<<<<

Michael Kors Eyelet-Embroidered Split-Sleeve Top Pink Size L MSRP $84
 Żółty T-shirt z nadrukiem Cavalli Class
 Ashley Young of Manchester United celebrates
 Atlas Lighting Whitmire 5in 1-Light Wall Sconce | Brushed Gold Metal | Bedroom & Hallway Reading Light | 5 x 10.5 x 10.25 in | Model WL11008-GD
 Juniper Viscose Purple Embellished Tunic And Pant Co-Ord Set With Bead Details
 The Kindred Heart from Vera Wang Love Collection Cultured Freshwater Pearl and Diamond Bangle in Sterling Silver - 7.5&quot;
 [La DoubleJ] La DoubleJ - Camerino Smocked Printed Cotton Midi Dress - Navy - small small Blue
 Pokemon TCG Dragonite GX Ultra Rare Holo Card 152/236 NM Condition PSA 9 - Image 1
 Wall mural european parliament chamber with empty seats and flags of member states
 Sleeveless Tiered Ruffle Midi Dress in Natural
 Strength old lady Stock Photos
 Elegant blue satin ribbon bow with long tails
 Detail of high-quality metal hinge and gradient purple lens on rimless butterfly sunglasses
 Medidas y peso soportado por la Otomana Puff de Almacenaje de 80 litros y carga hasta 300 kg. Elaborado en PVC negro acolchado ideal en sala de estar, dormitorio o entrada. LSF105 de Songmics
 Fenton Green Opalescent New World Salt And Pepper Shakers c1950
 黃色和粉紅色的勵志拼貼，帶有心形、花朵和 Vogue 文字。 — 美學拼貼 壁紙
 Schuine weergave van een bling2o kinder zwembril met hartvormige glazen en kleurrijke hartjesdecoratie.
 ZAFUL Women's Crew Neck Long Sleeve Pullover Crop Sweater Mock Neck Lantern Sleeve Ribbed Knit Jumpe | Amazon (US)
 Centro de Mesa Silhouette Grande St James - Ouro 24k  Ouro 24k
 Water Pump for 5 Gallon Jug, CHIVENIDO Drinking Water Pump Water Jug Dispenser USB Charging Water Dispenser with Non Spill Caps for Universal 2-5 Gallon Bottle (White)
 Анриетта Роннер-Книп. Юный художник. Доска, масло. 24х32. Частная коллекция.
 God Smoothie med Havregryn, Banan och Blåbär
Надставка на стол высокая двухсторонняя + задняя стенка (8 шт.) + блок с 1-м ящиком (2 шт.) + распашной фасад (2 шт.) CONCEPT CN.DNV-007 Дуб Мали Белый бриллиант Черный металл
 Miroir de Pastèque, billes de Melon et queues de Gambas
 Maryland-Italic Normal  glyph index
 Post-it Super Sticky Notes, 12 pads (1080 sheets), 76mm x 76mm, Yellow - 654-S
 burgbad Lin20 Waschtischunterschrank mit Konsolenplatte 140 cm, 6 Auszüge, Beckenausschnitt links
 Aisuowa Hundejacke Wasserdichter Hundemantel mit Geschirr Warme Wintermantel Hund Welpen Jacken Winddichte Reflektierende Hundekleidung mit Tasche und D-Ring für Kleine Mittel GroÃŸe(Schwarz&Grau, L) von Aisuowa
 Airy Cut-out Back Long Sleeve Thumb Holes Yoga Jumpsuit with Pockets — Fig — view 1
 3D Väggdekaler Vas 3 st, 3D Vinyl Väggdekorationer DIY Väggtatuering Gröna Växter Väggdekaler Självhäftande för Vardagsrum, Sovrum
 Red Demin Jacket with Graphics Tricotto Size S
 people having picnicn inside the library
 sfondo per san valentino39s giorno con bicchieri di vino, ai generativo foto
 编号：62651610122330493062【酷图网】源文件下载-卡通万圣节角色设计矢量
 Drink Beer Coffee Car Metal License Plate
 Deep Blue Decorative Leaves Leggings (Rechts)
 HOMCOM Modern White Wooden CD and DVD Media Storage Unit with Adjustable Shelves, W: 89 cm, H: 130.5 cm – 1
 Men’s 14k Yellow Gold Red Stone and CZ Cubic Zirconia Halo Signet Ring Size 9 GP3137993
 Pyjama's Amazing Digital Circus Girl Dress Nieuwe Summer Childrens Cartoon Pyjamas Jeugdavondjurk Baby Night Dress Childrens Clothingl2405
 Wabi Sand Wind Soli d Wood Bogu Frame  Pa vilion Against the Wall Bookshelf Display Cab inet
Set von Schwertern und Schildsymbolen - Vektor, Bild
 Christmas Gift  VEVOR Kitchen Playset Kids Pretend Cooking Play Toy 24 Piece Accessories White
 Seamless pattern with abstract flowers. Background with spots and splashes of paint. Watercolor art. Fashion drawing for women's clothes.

>>>>

Your assignment – Search the records for the word "White", then list every line that has it.

Answer section –
 Water Pump for 5 Gallon Jug, CHIVENIDO Drinking Water Pump Water Jug Dispenser USB Charging Water Dispenser with Non Spill Caps for Universal 2-5 Gallon Bottle (White)
 HOMCOM Modern White Wooden CD and DVD Media Storage Unit with Adjustable Shelves, W: 89 cm, H: 130.5 cm – 1
 Christmas Gift  VEVOR Kitchen Playset Kids Pretend Cooking Play Toy 24 Piece Accessories White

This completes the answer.